A Brief History of University College

University College was established in 1853 by The University of Toronto Act as a nonsectarian institution of higher education.

Architects Frederic Cumberland and William Storm, inspired by Oxford and Cambridge Universities in England, designed the building in the Romanseque-Revival style. Construction began on October 4, 1856 and University College first opened its doors to students three years later on October 4, 1859. At the time, Toronto was a town of 30,000 people and cows grazed on the fields behind the College.

The University College Literary and Athletic Society, Canada’s oldest student government, was founded in 1854.

In 1884, and in keeping with the College's spirit of inclusivity, women were first admitted to University College.

On February 14, 1890--the night of the annual student ball--a fire broke out in the southeast corner of the building when a kerosene lamp fell to the ground. Flames quickly destroyed most of University College's interior, although Croft Chapter House and the cloister wing survived. The stone structure also remained intact and a community of UC students, faculty, citizens of Toronto, and governments immediately rallied to restore the beloved building.

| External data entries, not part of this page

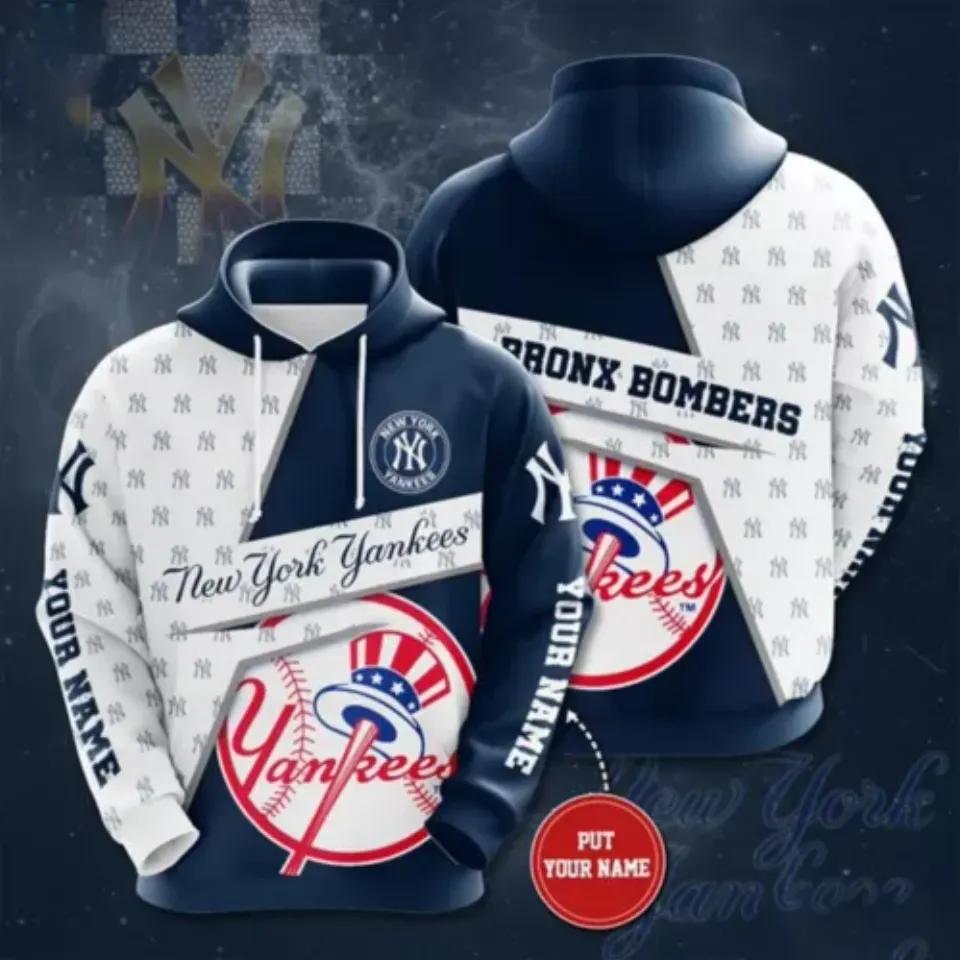 Custom Name New York Team Yankees Big Logo 3D MLB All Over Print Hoodie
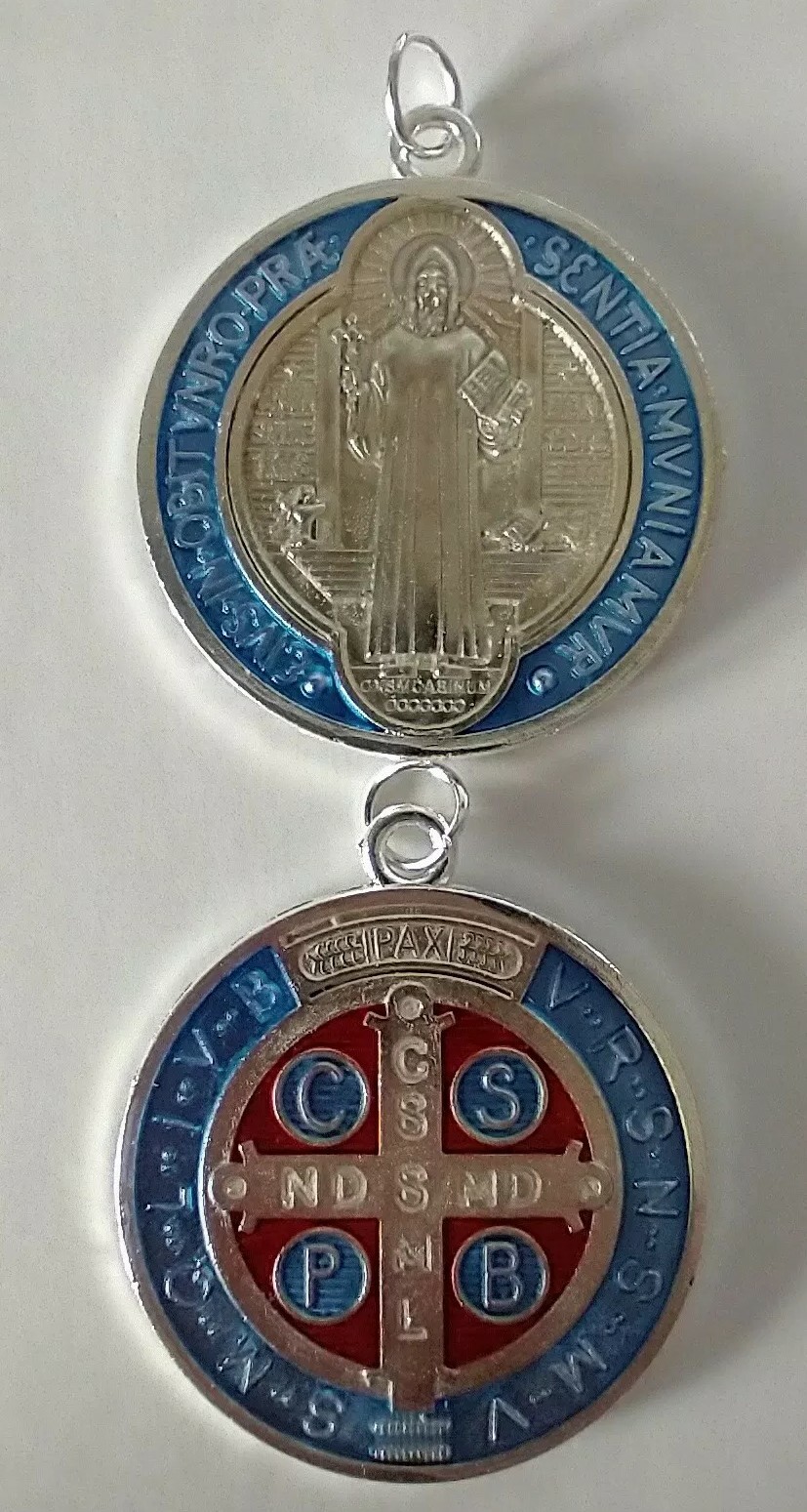 Catholic One St Benedict Medal Two-Sided Silver Blue Red Accents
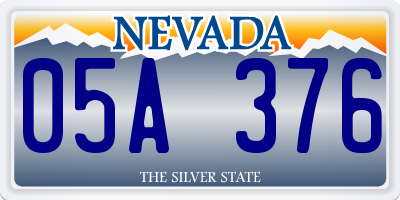 NV license plate 05A376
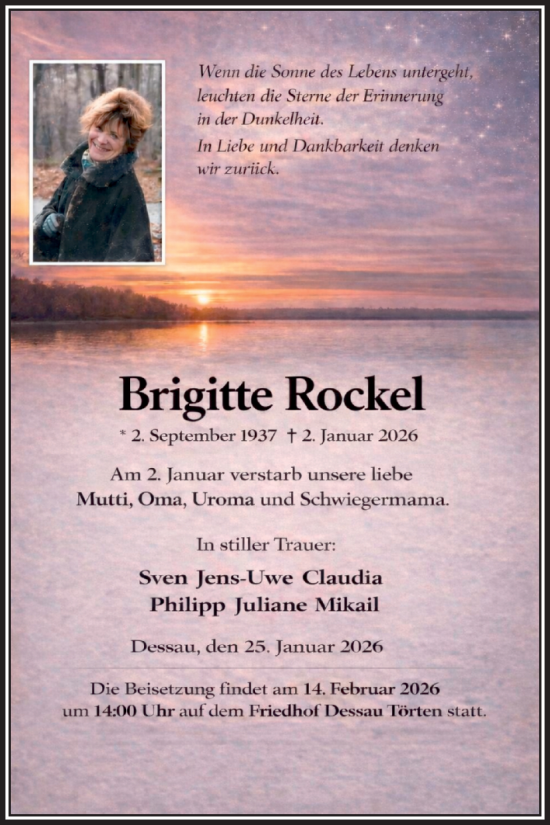 Traueranzeige von Brigitte Rockel von Trauerkombi Dessau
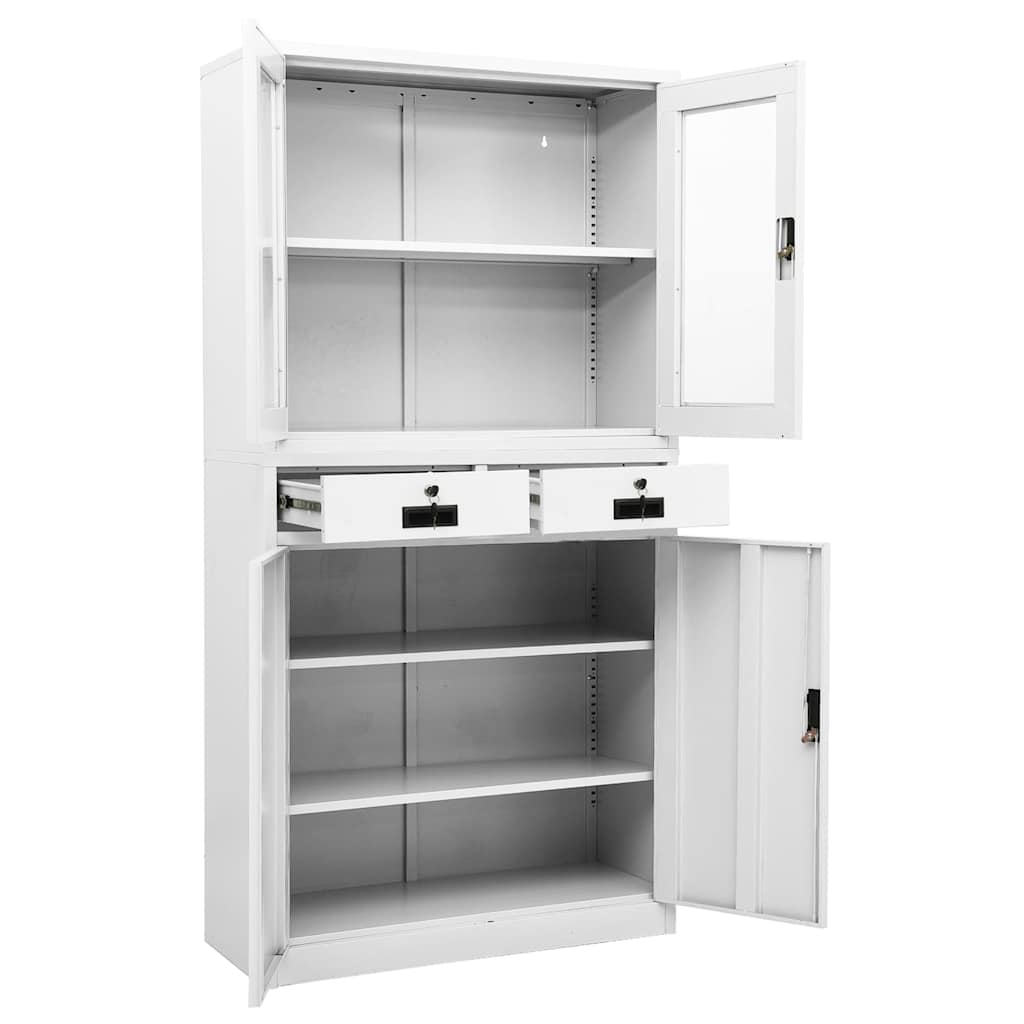 vidaXL Office Cabinet | White | Steel and tempered glass | 90 x 40 x 180 cm 6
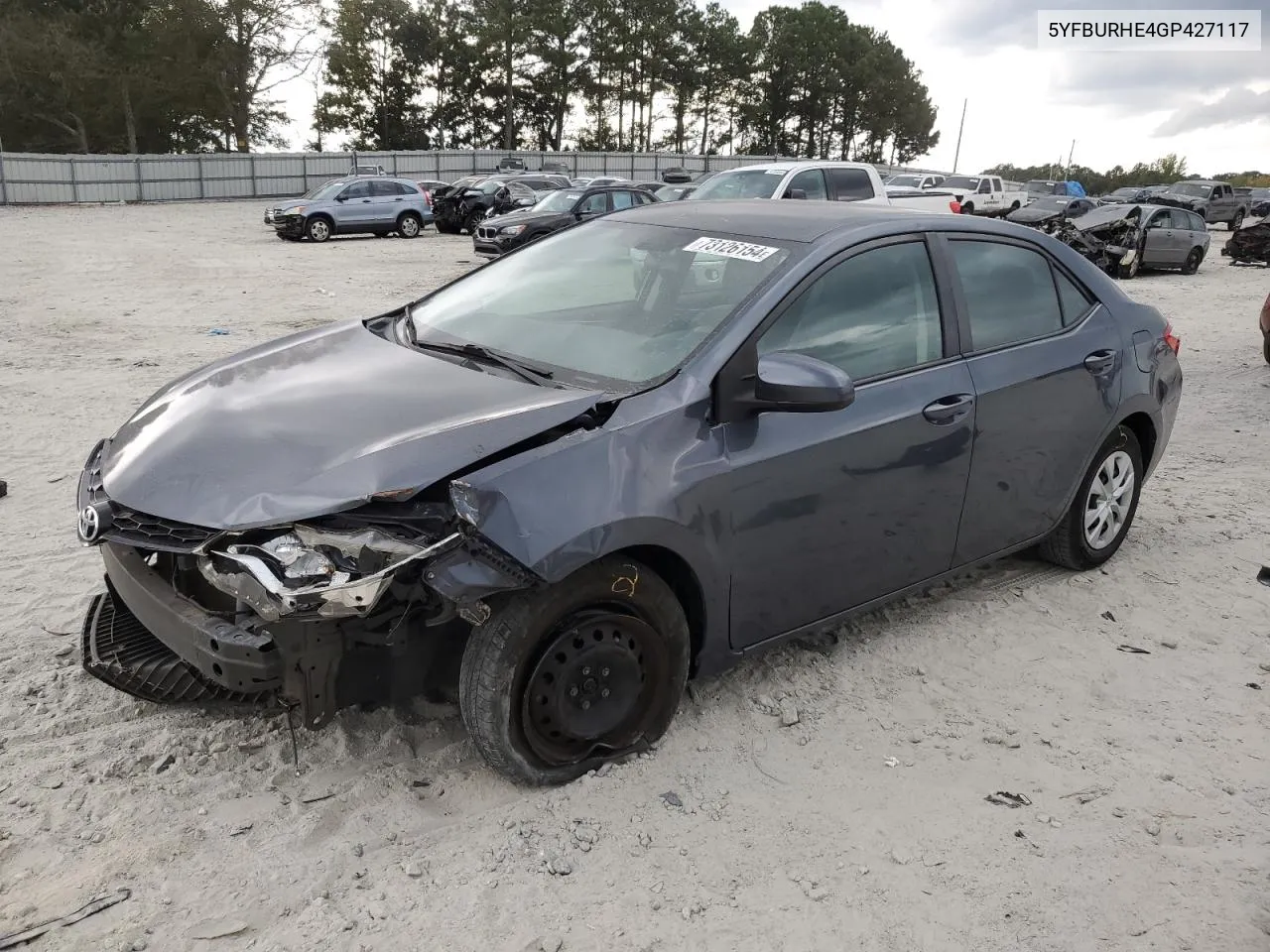 2016 Toyota Corolla L VIN: 5YFBURHE4GP427117 Lot: 73126154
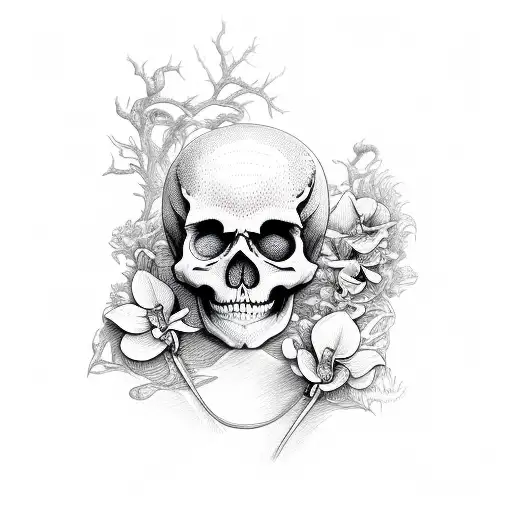 Skeleton And Orchid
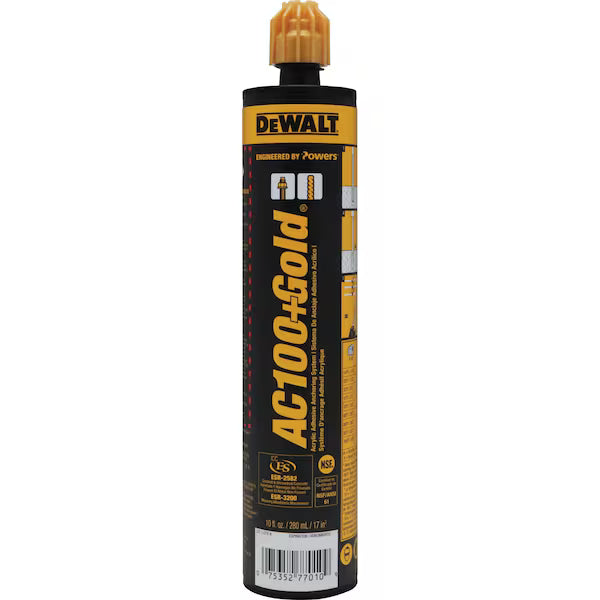 AC100+ Gold 9.5 Oz Container Size Cartridge, Includes Mixing Nozzle
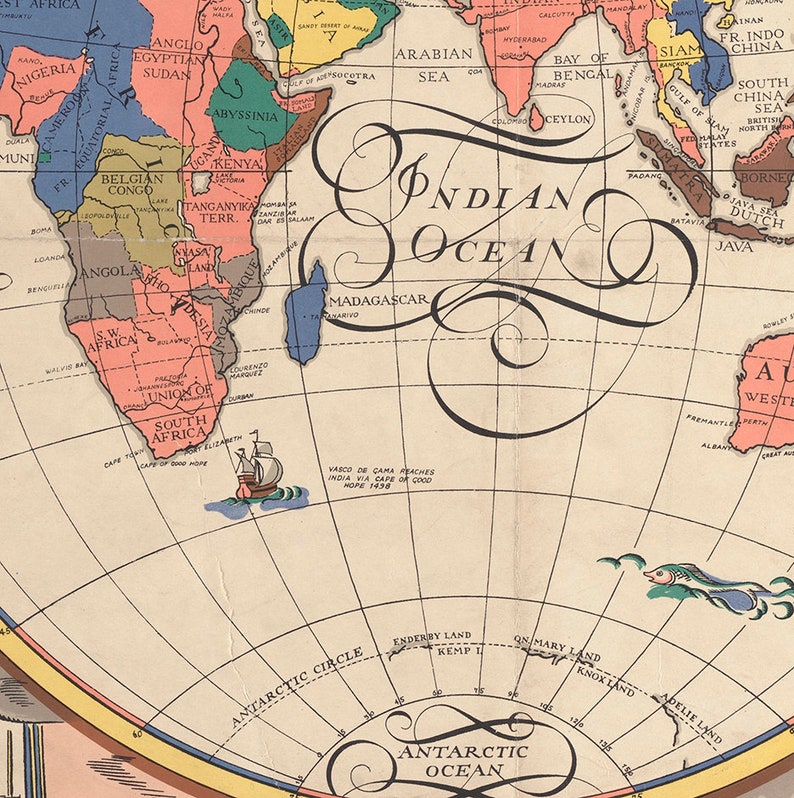 The New Map of the World. 1928. Vintage Restoration Hardware | Etsy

University College reopened in January 1892 with minor adjustments to its original plan, and improvements on its already significant aesthetic merits.

In 1964, the Laidlaw wing opened, enclosing the quadrangle to the north, and in 1968, University College was designated a National Historic Site by the government of Canada.

In the spring of 1972, a structural inspection of University College revealed several post-fire weakness as well as outdated plumbing and electrical systems. Faced with the prospect of demolition, the University College community once again rallied to save the magnificent building. The alumni-led campaign continued into the 1980s and allowed for extensive improvements to bring the building to code.